Beds: (i) The mattresses were Chinese-style - ie they were hard - this is likely OK for some, but likely not for many (however, if you have travelled in China, you may have adapted to such mattresses) (ii) I always prefer, from a hygiene-perspective, when hotels use some form of mattress protector, rather than when sheets are laid directly onto the mattress, as here.
Prices: Discussions on price are always difficult in Nepal and KTH was no different in this regard. When I sought to stay on a second occasion with KTH (booked verbally, rather than via Booking.com) they sought initially to charge me more for the room than my initial stay booked via Booking.com and it was necessary to negotiate down to the Booking.com price. This was annoying.
Karma Traveller's Home (KTH) offers reasonable value for money - it has some defects, but you can't expect excellence for the price.

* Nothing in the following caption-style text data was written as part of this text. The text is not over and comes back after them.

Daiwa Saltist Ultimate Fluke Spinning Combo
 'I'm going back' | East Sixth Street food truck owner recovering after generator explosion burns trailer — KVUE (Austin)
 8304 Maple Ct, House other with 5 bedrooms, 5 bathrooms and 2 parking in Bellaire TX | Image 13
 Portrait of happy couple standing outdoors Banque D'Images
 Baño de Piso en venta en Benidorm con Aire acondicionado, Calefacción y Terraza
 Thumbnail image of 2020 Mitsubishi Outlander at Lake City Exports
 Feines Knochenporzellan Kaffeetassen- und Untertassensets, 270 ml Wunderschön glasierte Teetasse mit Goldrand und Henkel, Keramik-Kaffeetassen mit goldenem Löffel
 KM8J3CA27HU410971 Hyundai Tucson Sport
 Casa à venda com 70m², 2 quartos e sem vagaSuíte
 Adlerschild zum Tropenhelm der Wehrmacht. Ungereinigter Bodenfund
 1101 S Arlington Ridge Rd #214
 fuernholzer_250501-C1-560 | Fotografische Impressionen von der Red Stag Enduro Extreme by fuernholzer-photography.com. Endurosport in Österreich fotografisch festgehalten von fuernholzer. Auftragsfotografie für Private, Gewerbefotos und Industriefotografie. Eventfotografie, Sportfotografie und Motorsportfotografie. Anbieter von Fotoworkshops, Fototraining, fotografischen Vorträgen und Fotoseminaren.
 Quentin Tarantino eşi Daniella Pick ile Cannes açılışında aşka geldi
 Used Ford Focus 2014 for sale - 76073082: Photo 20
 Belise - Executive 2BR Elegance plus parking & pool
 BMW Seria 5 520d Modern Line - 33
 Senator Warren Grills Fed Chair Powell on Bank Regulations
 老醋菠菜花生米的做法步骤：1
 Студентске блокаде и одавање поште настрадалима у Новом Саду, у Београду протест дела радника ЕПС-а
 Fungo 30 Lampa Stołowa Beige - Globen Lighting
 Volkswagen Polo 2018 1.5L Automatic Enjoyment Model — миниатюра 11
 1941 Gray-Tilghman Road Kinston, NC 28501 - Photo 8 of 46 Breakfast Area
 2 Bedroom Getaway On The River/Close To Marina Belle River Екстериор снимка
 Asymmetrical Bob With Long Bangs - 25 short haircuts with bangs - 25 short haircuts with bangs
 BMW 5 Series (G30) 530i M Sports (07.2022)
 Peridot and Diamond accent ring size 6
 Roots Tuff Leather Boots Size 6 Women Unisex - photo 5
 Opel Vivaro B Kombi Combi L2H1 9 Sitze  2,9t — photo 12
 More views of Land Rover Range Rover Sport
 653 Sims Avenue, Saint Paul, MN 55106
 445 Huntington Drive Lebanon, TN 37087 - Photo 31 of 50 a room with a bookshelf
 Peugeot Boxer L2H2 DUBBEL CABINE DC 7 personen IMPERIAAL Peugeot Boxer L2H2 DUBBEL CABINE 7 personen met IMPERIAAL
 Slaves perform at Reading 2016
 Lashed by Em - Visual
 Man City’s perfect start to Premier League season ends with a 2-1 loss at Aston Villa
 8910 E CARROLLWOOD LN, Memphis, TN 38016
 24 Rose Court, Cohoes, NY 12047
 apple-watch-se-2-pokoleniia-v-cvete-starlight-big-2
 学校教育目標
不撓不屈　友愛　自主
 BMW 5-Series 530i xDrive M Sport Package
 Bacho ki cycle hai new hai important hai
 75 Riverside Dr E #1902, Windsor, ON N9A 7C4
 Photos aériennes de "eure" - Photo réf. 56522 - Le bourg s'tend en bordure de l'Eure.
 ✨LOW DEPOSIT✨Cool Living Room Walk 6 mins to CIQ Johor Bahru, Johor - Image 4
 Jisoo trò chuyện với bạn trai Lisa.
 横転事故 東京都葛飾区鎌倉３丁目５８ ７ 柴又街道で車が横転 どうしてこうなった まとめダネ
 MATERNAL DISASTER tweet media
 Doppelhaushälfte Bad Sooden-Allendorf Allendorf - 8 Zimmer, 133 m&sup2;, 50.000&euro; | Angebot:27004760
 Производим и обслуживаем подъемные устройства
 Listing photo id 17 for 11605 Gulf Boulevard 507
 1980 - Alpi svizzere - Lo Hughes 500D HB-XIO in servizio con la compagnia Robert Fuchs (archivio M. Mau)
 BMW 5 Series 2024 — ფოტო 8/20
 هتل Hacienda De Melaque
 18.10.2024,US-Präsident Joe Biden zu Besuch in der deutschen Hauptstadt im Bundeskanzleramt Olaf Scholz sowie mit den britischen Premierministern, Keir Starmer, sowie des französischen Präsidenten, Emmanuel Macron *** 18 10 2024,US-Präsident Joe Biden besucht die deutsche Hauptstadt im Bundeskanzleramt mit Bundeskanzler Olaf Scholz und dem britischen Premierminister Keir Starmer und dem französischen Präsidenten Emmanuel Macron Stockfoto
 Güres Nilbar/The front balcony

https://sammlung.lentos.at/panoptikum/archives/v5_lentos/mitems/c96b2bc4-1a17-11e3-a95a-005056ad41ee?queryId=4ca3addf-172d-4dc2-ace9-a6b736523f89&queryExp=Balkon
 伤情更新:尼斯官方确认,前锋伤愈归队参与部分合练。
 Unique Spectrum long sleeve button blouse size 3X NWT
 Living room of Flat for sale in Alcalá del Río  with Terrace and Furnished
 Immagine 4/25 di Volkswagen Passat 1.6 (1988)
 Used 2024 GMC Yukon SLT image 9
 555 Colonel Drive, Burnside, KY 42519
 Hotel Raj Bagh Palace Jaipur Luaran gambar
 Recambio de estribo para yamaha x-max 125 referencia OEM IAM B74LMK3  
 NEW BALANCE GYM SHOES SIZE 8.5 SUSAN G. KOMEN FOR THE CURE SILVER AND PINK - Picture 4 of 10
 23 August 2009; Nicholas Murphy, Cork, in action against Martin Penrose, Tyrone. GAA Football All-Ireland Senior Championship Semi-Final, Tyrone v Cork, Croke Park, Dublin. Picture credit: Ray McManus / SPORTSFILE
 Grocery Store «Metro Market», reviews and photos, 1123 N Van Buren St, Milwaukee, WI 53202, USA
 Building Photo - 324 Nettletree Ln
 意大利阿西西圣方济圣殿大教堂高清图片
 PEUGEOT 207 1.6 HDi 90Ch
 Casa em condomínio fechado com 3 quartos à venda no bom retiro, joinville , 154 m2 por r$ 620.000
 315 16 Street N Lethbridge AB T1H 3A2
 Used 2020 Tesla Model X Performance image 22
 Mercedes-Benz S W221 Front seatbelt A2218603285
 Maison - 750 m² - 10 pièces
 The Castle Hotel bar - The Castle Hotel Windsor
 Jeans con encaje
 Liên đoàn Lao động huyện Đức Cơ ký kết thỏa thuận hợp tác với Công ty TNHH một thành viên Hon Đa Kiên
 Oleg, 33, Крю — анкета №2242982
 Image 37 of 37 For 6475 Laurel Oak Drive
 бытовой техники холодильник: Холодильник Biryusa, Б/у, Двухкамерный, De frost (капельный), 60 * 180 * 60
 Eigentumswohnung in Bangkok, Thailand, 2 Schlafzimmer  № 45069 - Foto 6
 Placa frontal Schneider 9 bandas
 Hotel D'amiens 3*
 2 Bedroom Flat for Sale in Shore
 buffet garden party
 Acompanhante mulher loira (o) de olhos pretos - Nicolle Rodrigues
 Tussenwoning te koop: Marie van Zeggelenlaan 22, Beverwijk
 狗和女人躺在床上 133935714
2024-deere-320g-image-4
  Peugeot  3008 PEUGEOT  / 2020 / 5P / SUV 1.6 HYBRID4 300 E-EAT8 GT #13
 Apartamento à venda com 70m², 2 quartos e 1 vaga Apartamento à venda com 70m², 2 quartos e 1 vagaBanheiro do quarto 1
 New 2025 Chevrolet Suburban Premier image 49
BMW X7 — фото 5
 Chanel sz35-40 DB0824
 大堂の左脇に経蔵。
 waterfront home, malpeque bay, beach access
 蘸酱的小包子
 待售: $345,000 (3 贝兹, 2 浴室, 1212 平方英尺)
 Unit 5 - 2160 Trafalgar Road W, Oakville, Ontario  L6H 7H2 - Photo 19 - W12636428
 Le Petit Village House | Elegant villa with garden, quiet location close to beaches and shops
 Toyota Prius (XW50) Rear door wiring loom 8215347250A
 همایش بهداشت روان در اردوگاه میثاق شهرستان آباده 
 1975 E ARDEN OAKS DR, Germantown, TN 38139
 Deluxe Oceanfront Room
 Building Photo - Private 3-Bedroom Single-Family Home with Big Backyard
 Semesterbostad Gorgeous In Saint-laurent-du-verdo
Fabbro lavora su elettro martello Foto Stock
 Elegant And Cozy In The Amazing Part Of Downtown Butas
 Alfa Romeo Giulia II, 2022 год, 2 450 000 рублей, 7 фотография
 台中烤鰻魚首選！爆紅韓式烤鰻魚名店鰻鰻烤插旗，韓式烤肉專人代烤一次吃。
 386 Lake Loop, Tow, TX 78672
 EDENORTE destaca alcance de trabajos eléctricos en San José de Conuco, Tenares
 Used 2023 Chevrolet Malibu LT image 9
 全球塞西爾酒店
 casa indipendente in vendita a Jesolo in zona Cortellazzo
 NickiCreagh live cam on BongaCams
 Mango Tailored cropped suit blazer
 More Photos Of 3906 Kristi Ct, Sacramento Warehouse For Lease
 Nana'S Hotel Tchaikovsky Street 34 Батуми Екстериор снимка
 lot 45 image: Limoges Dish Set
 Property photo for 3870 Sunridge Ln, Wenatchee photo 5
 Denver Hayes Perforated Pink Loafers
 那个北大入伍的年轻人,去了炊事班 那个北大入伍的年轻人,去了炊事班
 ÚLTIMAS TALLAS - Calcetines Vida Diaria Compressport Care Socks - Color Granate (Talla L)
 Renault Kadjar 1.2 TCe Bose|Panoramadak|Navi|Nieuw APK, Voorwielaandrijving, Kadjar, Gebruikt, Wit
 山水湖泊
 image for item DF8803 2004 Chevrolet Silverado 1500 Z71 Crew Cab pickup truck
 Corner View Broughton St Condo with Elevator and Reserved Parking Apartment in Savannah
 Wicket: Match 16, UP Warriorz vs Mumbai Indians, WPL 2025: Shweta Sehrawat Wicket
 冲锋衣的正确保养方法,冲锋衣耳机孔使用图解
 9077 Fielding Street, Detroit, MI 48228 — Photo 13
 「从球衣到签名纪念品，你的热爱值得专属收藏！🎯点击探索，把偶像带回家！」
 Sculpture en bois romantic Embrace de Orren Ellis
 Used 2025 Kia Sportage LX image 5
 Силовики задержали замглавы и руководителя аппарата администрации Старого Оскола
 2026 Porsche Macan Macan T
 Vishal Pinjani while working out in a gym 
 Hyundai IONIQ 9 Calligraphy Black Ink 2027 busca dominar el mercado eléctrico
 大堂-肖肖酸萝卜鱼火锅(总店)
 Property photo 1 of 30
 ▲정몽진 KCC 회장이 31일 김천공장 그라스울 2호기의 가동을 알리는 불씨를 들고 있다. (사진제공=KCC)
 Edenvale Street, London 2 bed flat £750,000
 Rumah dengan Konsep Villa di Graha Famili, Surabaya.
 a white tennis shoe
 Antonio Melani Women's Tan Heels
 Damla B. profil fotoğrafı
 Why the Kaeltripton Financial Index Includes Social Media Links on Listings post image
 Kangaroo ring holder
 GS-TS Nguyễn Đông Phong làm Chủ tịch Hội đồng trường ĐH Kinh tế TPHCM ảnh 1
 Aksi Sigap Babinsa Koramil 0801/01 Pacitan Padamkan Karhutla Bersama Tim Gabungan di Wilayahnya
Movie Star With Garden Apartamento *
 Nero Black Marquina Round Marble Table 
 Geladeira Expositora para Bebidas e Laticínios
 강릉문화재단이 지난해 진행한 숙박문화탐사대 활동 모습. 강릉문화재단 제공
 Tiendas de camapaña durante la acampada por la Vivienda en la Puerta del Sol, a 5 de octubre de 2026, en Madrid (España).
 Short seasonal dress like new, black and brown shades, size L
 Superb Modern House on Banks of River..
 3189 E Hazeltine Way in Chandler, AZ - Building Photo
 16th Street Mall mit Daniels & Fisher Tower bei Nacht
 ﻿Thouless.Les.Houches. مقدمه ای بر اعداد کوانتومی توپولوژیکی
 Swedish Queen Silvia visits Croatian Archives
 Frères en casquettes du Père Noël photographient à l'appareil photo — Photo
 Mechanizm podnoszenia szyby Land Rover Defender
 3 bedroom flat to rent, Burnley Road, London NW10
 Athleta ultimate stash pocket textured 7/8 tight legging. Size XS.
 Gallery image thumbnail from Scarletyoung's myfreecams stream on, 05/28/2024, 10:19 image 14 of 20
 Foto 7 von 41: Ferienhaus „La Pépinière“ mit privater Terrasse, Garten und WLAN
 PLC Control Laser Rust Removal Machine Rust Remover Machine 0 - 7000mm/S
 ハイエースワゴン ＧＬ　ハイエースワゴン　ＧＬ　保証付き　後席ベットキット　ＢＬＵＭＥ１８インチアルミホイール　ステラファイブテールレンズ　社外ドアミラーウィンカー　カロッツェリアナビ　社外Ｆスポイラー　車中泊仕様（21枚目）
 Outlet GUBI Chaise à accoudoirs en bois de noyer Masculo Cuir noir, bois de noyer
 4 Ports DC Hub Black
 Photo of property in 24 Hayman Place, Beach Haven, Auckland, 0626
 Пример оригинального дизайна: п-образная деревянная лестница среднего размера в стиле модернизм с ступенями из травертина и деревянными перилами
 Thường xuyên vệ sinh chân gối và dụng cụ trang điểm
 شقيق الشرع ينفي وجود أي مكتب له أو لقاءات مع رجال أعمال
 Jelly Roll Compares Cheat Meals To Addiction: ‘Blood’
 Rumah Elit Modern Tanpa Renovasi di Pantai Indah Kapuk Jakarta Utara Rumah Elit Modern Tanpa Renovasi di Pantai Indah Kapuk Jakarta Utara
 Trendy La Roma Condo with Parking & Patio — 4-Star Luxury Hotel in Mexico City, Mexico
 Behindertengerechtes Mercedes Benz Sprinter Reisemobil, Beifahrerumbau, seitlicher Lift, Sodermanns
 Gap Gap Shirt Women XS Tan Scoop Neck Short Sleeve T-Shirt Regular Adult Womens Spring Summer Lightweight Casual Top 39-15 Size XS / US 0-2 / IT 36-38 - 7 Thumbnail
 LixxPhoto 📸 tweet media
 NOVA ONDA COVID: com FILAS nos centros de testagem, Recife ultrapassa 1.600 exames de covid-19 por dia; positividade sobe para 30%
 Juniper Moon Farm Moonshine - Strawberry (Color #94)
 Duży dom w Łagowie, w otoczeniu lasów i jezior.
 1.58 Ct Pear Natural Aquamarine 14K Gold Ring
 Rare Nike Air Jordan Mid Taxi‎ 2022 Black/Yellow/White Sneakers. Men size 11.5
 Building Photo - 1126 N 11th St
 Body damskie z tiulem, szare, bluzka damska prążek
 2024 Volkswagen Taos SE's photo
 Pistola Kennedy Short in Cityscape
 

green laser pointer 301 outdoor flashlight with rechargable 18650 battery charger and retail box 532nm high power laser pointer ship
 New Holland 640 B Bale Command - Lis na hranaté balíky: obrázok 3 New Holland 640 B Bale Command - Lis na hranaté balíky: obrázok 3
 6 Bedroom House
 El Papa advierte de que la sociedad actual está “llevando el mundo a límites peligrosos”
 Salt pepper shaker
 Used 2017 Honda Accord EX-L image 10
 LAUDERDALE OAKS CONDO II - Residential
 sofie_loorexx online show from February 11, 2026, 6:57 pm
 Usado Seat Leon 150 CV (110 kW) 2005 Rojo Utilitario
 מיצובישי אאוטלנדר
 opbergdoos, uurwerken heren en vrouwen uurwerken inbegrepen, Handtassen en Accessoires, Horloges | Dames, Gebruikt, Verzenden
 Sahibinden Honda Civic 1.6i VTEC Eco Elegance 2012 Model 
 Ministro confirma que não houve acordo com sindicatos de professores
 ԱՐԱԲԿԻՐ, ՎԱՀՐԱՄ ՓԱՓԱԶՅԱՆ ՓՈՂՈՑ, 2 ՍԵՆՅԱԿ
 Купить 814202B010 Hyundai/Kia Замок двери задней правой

Kathmandu has frequent power cuts. KTH has solar power and solar hot water - this means that there is the possibility of some electricity for one light in your room and some hot water during the power cuts provided there has been sufficient sunlight over the prior days. The WIFI (which only works well in but a limited number of rooms, but OK in common areas) also runs off the solar, so it may also be functional during the power cuts.
On the first day, there was no room available of the type that I'd reserved on Booking.com (poor scheduling practice on KTH's part) and I had to stay in a lower quality (cheaper) room. However KTH tried to make amends by offering me a discount on the price of the cheaper room - which was a reasonable offer in the circumstances (albeit the offer was not made immediately, as perhaps it should have been, but rather took a little bit of time to negotiate to).
If you stay for multiple days, you need to be aware that your room is not attended to by the staff - you need to ask if you want anything done (eg bin emptied, more toilet paper). However, after you ask, I found that the staff were happy to respond to any request.